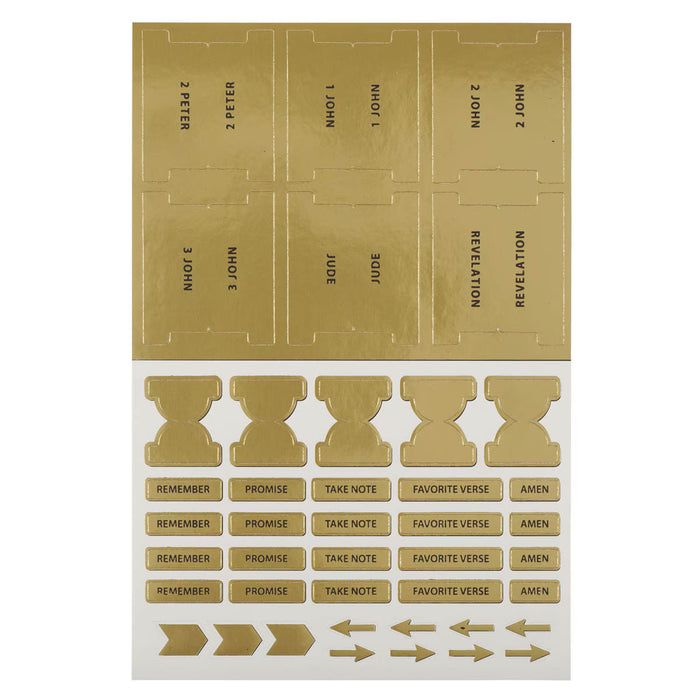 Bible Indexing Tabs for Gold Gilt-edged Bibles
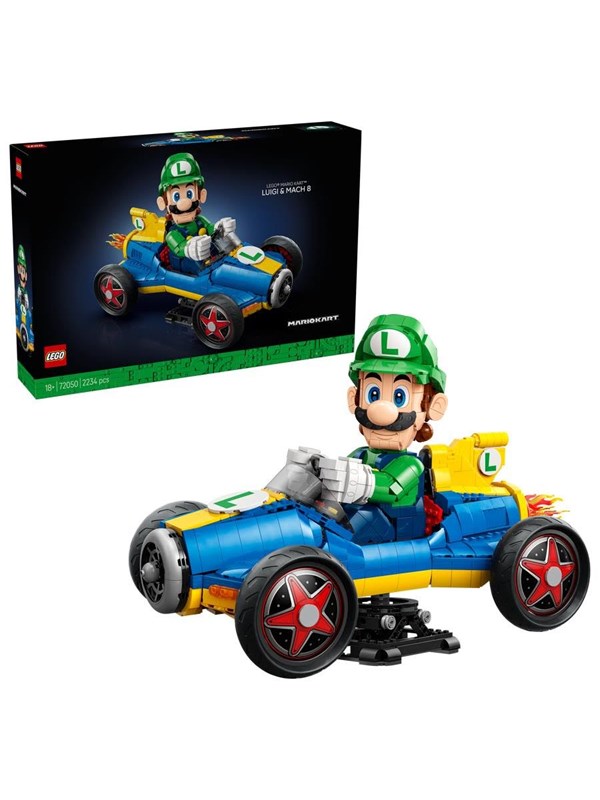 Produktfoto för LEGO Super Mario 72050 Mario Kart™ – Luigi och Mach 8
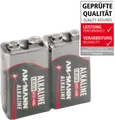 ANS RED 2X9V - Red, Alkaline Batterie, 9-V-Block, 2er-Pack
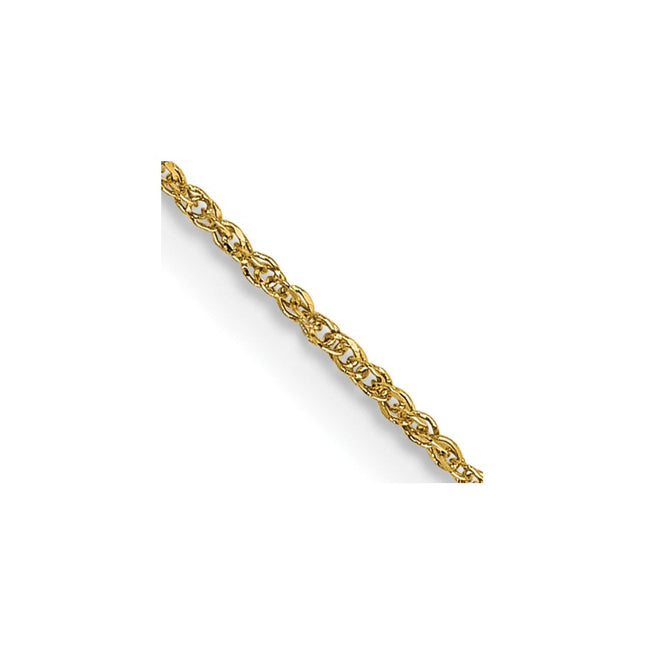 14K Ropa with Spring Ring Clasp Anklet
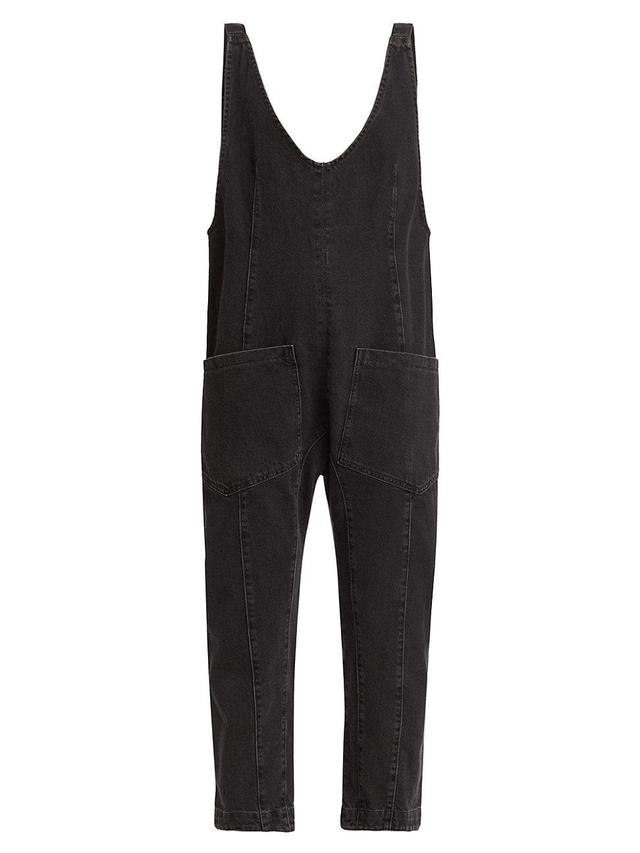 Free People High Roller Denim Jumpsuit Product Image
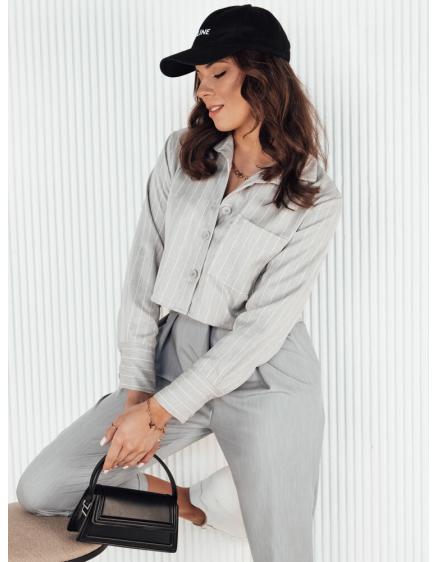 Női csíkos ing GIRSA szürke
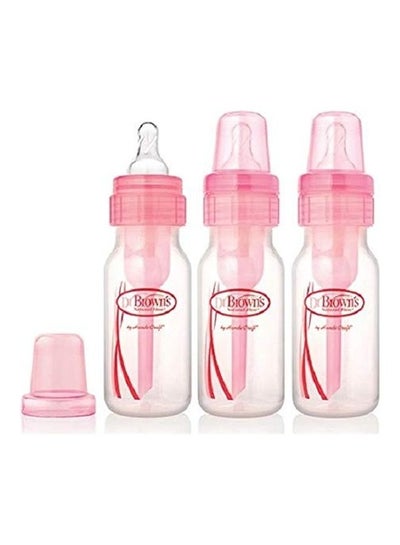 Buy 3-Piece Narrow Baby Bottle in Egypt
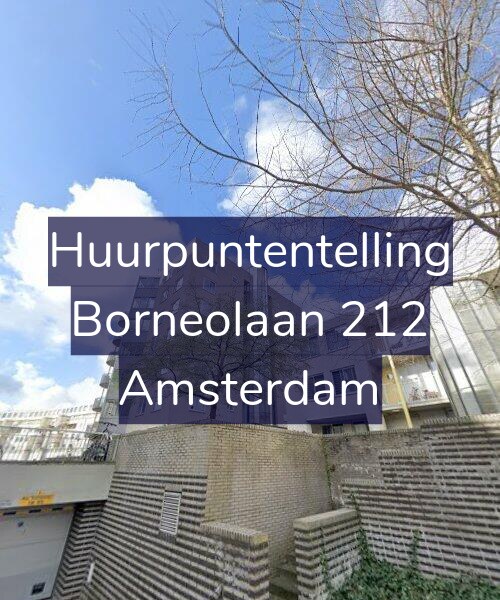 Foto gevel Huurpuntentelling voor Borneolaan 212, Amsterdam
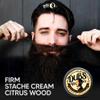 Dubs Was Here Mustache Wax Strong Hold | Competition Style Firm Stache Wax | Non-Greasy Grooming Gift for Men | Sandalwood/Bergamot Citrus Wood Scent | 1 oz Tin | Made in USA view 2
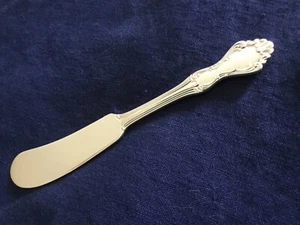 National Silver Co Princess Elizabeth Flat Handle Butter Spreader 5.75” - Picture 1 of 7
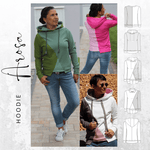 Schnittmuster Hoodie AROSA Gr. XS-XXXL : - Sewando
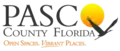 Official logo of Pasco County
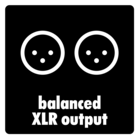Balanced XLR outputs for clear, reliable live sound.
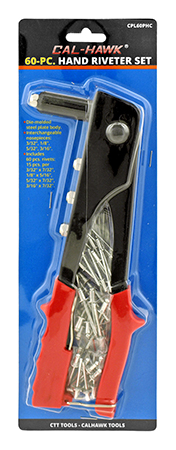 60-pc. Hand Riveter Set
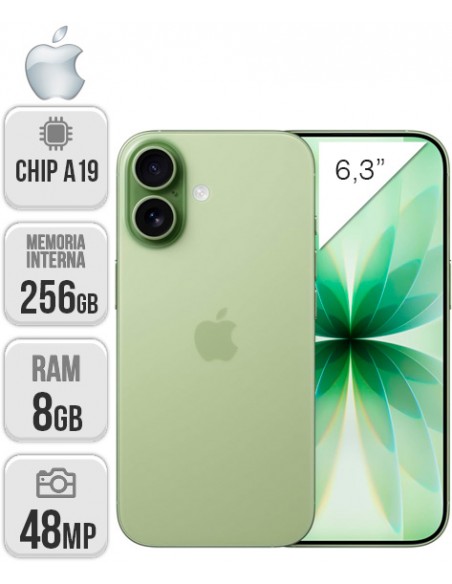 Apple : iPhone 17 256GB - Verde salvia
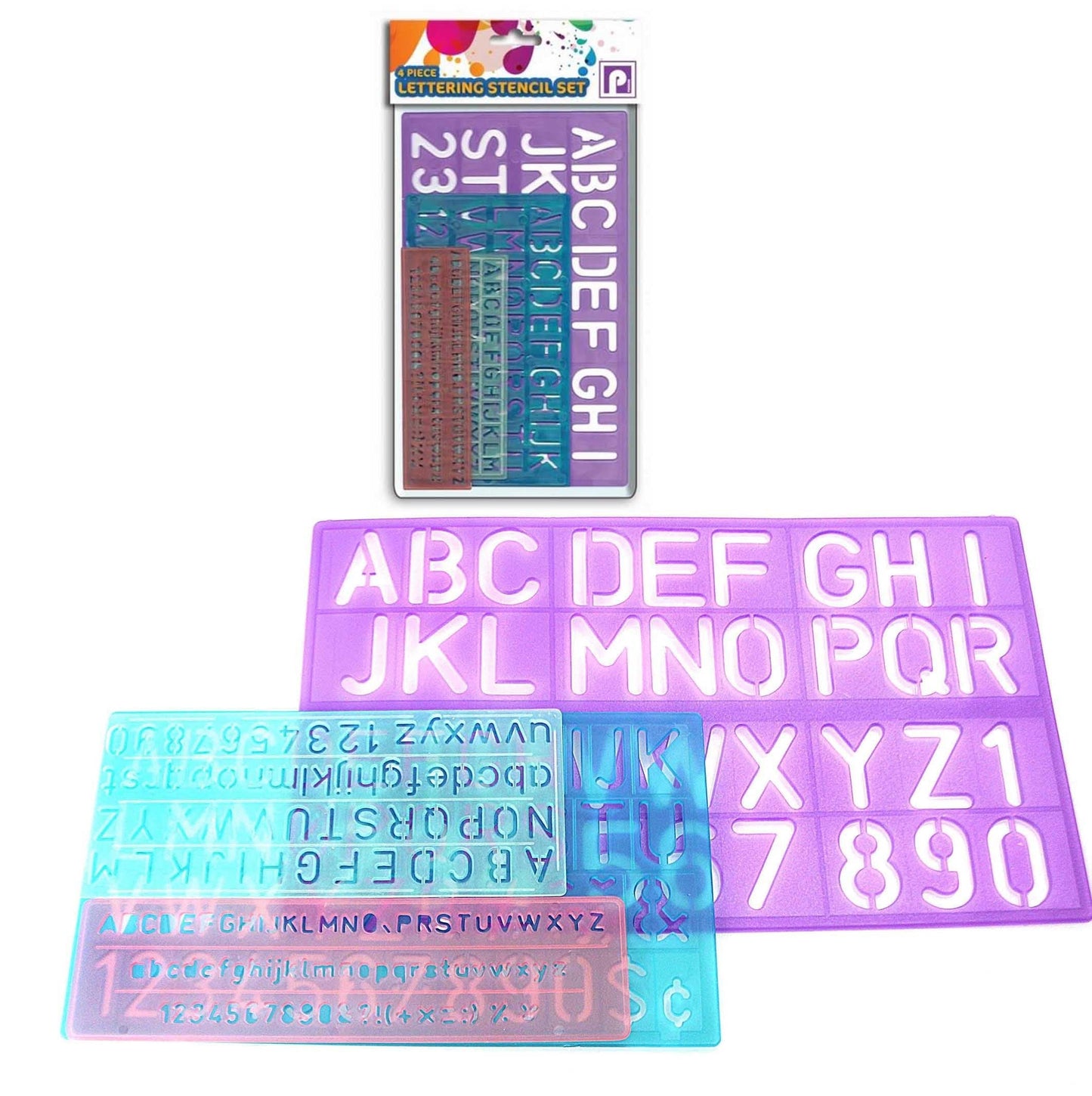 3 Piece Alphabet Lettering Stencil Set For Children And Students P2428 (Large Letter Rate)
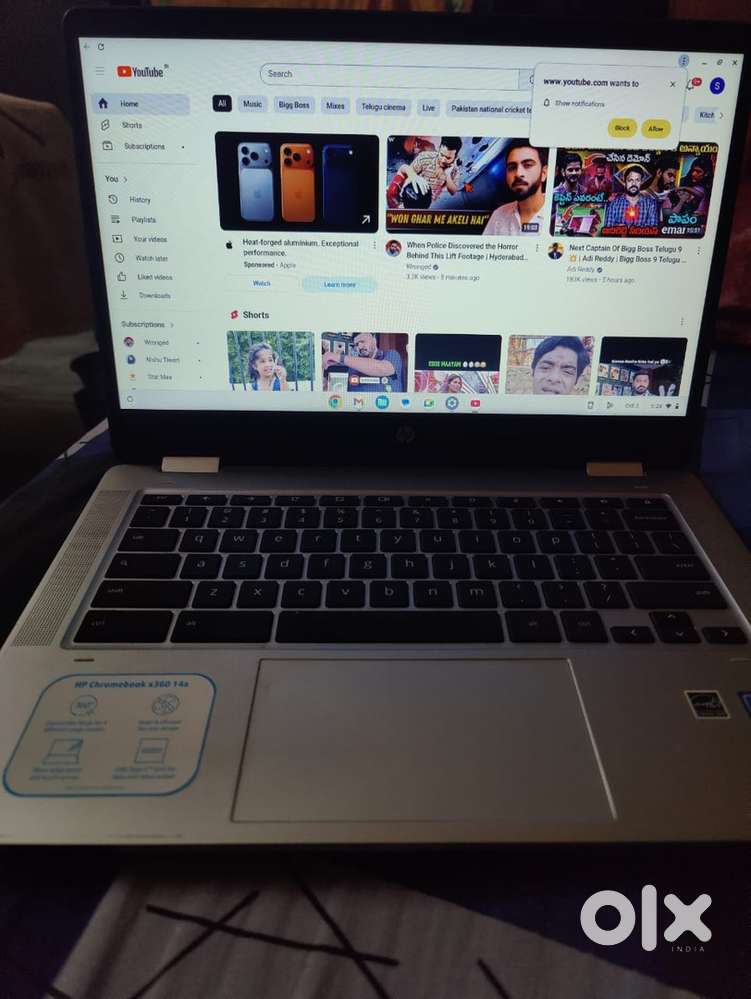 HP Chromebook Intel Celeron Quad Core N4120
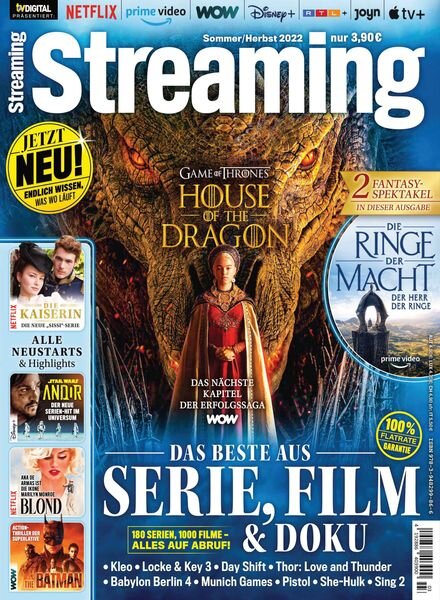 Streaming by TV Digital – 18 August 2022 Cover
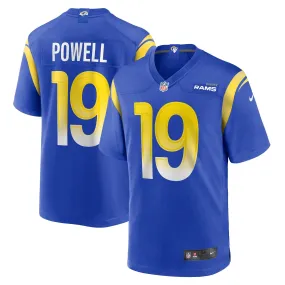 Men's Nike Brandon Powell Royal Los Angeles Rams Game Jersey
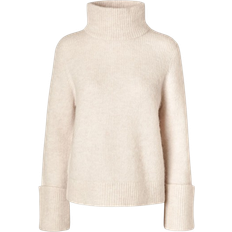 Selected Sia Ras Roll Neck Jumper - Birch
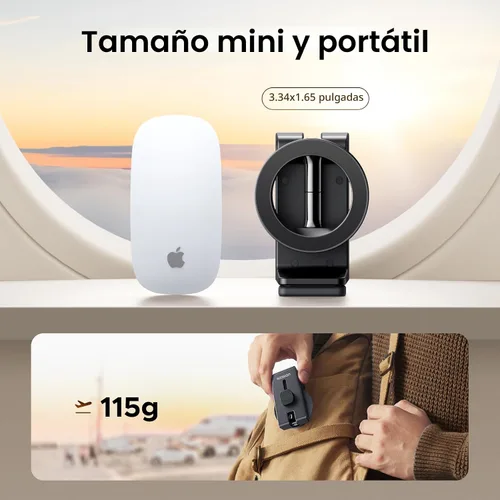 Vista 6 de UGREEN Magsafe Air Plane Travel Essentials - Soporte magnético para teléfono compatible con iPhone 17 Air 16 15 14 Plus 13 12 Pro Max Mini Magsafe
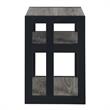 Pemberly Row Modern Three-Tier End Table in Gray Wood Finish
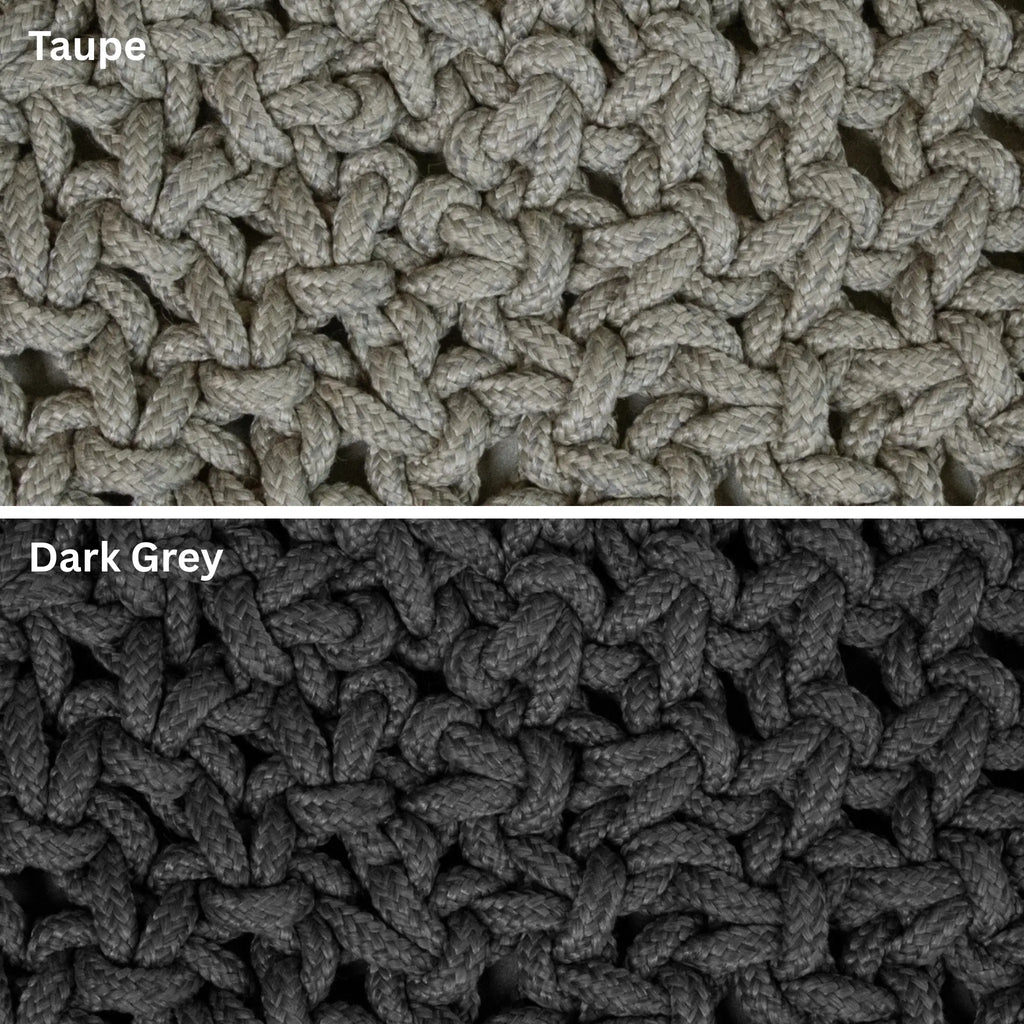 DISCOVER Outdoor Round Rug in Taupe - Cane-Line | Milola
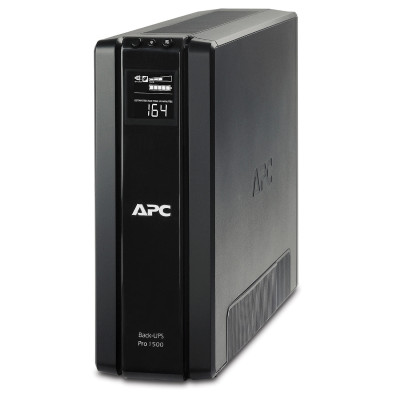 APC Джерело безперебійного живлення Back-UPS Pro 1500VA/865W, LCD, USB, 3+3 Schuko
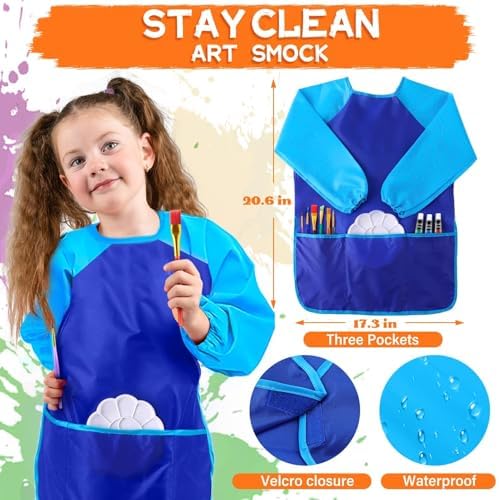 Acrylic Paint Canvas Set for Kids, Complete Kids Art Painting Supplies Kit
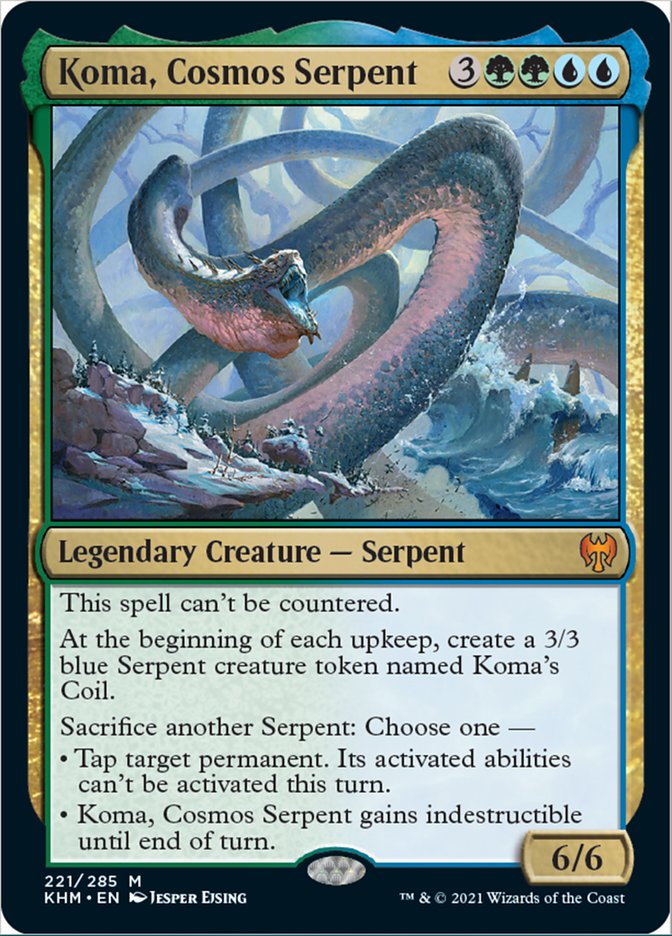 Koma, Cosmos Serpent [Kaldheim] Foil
********
= WORK TO COMPLETE =
Copy the listing above word for word. Do not include the pictures.

= WRITTEN SOLUTION =
 Bible Indexing Tabs for Gold Gilt-edged Bibles
 Produktfoto för LEGO Super Mario 72050 Mario Kart™ – Luigi och Mach 8
 ANS RED 2X9V - Red, Alkaline Batterie, 9-V-Block, 2er-Pack
 14K Ropa with Spring Ring Clasp Anklet
 Free People High Roller Denim Jumpsuit Product Image
 Női csíkos ing GIRSA szürke
 Buy 3-Piece Narrow Baby Bottle in Egypt
 Foto gevel Huurpuntentelling voor Borneolaan 212, Amsterdam
 Dubs Was Here Mustache Wax Strong Hold | Competition Style Firm Stache Wax | Non-Greasy Grooming Gift for Men | Sandalwood/Bergamot Citrus Wood Scent | 1 oz Tin | Made in USA view 2
 National Silver Co Princess Elizabeth Flat Handle Butter Spreader 5.75” - Picture 1 of 7
 Schnittmuster Hoodie AROSA Gr. XS-XXXL : - Sewando
 Official logo of Pasco County
Balanced XLR outputs for clear, reliable live sound.
 60-pc. Hand Riveter Set
 Apple : iPhone 17 256GB - Verde salvia
 3 Piece Alphabet Lettering Stencil Set For Children And Students P2428 (Large Letter Rate)
 HP Chromebook Intel Celeron Quad Core N4120
 Streaming by TV Digital – 18 August 2022 Cover
 Men's Nike Brandon Powell Royal Los Angeles Rams Game Jersey
 Selected Sia Ras Roll Neck Jumper - Birch
 Vista 6 de UGREEN Magsafe Air Plane Travel Essentials - Soporte magnético para teléfono compatible con iPhone 17 Air 16 15 14 Plus 13 12 Pro Max Mini Magsafe
 Pemberly Row Modern Three-Tier End Table in Gray Wood Finish
 DISCOVER Outdoor Round Rug in Taupe - Cane-Line | Milola
 APC Джерело безперебійного живлення Back-UPS Pro 1500VA/865W, LCD, USB, 3+3 Schuko
 Acrylic Paint Canvas Set for Kids, Complete Kids Art Painting Supplies Kit
 Koma, Cosmos Serpent [Kaldheim] Foil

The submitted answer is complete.